At that site there’s very strongly dated evidence for human occupation,” says Prof Parker, who was a co-author also of the ground-breaking Science paper.

He says that the Al Sibetah study provides “a framework from climate and environment against which the archaeology can be set”.

The researchers are continuing to work at other sites in Arabia, hoping to uncover further evidence, both archaeological and environmental, about the first movements of people out of Africa.

In the past, the trouble would be that there’s one site that’s the environmental site and the other site that’s archaeological, and it’s hard to correlate them. We’re trying to look at sites from multiple disciplines,” says Dr Huw Groucutt, another author of the study on Al Sibetah, and, like Dr Parton, a postdoctoral research assistant in the University of Oxford’s School of Archaeology.

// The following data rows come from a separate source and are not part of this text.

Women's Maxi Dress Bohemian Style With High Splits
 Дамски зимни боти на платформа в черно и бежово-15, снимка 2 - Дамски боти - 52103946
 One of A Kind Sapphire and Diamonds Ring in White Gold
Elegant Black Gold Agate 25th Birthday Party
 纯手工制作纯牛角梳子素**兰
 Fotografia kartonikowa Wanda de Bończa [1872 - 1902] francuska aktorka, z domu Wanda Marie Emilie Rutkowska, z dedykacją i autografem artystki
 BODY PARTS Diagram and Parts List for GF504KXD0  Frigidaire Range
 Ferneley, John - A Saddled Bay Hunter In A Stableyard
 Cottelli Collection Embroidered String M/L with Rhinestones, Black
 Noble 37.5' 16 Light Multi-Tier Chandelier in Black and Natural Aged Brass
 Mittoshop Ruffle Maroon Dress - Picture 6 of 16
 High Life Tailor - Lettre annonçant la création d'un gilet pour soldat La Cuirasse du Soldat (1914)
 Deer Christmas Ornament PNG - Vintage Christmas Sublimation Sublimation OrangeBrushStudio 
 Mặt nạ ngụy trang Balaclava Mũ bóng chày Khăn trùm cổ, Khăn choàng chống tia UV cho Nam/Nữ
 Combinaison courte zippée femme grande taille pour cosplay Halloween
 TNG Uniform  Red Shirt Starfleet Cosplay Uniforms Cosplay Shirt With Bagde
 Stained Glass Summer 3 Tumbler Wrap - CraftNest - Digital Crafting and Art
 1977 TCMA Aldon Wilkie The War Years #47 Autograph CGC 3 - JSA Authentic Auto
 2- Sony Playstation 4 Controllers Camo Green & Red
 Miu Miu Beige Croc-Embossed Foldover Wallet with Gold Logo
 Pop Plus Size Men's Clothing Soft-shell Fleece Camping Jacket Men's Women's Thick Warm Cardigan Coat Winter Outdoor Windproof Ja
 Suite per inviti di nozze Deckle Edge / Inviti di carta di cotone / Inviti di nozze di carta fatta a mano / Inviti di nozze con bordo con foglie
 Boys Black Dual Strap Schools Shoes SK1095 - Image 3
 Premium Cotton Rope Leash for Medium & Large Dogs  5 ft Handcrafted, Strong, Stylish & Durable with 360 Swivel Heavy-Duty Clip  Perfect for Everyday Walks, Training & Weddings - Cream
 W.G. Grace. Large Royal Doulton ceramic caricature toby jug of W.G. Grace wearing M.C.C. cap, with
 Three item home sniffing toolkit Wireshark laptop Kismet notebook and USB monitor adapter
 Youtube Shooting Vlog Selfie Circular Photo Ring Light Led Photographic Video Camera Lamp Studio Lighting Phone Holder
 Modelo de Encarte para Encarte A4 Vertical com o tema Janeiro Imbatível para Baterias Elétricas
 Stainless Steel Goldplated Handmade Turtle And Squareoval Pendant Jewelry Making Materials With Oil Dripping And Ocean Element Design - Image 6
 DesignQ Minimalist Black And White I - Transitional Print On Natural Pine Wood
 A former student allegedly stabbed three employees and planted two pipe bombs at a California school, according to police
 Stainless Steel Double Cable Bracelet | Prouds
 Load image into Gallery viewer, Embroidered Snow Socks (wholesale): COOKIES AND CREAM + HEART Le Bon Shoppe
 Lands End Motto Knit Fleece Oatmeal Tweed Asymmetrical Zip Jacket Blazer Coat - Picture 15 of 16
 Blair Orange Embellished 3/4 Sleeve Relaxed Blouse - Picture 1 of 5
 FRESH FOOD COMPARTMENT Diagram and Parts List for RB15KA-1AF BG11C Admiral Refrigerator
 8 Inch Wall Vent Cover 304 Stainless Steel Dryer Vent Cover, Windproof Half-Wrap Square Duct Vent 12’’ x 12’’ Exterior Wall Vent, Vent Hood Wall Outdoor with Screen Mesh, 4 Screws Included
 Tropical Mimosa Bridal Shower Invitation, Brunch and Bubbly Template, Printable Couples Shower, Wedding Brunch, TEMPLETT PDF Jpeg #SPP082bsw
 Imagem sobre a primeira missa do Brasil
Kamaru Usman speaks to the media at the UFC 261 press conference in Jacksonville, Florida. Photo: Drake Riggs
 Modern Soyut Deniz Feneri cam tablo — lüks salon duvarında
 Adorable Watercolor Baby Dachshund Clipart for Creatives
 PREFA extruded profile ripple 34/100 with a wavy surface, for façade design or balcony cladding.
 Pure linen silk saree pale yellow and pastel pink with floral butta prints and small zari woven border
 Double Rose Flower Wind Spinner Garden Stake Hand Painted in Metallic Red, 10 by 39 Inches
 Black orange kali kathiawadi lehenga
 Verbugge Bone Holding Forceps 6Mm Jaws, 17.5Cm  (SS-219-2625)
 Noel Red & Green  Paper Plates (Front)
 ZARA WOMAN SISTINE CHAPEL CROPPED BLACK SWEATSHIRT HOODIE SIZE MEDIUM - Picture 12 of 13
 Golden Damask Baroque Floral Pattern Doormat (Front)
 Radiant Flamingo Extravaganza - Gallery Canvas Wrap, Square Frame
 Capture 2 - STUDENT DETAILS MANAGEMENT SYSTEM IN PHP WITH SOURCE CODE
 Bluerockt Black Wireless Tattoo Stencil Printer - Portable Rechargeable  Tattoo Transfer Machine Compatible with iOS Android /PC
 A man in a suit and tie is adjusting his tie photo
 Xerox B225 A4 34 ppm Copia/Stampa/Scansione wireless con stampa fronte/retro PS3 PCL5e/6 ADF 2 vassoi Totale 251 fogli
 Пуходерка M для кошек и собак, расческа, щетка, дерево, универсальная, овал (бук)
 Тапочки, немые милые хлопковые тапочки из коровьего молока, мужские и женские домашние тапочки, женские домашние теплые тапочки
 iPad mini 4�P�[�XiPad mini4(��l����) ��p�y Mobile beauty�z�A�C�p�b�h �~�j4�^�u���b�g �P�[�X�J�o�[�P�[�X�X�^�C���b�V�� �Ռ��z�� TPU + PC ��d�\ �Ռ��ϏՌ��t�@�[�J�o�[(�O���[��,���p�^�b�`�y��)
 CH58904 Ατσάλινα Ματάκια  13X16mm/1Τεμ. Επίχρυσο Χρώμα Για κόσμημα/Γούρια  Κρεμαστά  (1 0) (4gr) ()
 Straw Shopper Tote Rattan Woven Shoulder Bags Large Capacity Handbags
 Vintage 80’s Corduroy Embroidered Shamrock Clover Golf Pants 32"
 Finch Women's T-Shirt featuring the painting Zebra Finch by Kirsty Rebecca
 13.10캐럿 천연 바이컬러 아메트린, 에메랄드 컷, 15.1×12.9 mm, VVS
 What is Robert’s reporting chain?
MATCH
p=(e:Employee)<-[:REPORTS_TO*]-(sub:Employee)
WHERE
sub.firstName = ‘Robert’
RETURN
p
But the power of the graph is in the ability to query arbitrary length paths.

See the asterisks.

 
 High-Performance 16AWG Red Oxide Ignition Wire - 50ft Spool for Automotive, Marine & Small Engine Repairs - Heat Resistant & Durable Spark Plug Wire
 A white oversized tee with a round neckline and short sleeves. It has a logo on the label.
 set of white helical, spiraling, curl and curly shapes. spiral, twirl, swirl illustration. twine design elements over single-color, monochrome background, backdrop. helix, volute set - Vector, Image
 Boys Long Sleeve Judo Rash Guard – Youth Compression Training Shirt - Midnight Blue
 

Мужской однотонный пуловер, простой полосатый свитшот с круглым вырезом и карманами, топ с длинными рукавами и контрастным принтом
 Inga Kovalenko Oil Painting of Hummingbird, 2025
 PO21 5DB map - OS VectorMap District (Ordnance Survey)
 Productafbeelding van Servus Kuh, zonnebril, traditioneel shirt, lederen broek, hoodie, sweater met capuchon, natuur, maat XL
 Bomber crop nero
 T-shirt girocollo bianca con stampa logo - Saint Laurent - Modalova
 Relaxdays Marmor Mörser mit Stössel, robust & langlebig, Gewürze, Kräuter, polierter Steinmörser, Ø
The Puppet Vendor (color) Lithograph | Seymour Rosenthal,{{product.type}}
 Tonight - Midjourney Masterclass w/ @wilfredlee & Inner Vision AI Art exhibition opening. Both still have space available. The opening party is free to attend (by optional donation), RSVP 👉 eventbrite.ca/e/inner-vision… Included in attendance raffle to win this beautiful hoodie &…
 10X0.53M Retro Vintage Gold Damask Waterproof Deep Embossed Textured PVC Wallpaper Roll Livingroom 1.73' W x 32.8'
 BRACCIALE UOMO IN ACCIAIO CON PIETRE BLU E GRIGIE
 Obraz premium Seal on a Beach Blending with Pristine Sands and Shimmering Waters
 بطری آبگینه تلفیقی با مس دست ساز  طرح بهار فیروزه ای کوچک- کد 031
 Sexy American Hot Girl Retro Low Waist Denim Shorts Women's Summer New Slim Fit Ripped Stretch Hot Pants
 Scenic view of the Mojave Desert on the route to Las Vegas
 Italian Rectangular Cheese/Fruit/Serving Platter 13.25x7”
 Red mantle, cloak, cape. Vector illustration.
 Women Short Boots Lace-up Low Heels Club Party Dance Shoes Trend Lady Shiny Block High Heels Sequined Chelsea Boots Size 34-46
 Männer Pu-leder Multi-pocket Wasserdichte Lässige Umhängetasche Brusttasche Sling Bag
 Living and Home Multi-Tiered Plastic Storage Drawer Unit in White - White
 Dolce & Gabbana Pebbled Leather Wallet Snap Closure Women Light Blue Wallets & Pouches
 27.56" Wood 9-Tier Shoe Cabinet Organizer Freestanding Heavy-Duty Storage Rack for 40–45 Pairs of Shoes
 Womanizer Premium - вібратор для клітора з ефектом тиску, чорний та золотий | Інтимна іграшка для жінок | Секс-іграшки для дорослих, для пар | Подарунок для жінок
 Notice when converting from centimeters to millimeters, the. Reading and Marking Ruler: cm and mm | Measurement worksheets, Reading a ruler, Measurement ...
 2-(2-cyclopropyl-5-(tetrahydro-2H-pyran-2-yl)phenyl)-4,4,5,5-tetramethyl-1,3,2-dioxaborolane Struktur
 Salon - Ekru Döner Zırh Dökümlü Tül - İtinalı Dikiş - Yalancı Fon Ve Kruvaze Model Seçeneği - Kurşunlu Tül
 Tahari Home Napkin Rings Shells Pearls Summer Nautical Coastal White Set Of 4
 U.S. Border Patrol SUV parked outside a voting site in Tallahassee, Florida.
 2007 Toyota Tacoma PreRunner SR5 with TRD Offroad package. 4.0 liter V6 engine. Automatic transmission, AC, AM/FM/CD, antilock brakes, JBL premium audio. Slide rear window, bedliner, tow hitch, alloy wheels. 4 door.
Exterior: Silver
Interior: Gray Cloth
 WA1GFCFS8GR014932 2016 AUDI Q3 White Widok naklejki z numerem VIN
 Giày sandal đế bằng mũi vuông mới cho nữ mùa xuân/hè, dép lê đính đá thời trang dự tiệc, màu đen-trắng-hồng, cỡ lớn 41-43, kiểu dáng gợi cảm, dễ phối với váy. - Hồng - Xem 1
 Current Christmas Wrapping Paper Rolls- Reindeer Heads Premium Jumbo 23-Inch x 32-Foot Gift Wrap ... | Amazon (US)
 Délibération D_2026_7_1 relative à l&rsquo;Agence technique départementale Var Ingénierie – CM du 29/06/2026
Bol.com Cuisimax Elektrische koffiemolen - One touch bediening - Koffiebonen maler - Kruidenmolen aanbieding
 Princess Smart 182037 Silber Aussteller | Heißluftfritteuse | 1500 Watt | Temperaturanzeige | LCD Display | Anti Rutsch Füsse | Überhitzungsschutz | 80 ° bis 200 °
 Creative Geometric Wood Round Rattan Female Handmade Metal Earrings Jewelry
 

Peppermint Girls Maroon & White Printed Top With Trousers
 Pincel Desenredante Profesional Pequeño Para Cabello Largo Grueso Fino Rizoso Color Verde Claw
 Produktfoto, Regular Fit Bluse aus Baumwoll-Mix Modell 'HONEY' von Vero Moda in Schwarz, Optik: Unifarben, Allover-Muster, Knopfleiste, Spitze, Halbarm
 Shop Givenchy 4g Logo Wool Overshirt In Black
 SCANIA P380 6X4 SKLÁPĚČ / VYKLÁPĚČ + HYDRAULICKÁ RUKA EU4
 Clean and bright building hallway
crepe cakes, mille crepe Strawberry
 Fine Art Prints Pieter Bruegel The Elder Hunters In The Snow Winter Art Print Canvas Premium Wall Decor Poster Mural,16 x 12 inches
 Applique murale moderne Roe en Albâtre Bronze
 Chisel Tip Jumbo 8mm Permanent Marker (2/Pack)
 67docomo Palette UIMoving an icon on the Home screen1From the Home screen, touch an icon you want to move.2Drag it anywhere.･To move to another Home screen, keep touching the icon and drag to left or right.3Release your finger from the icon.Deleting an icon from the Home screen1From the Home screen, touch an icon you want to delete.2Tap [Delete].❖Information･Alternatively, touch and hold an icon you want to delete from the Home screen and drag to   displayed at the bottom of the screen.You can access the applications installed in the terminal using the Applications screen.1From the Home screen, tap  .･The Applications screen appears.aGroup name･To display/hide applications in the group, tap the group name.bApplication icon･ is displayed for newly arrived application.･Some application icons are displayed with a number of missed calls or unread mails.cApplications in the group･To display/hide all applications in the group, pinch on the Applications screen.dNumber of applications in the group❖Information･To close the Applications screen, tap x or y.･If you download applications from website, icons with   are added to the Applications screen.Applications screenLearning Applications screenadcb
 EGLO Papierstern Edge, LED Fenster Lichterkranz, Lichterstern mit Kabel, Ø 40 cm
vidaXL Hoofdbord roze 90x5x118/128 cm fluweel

Particular areas of interest in the Arabian Peninsula include the An Nafud desert, in northern Saudi Arabia, and parts of the Empty Quarter. Some of the places being analysed, especially those in the An Nafud desert, are much more remote than the Al Sibetah site, and to reach them researchers must drive for several hours across large sand dunes.

It’s a very big project; we have sites all over the place. It’s a huge area and almost nothing was known about it until the past few years,” Dr Groucutt says.

In terms of studying climate and archaeology, it’s one of the most exciting areas to be involved in.

It’s really pioneering-stage research. It’s been fantastic.”

So, in the years to come, Arabia is likely to yield more clues about the movements of early humans – and perhaps the results will further strengthen the conclusions to have come out of a humble quarry near Al Ain.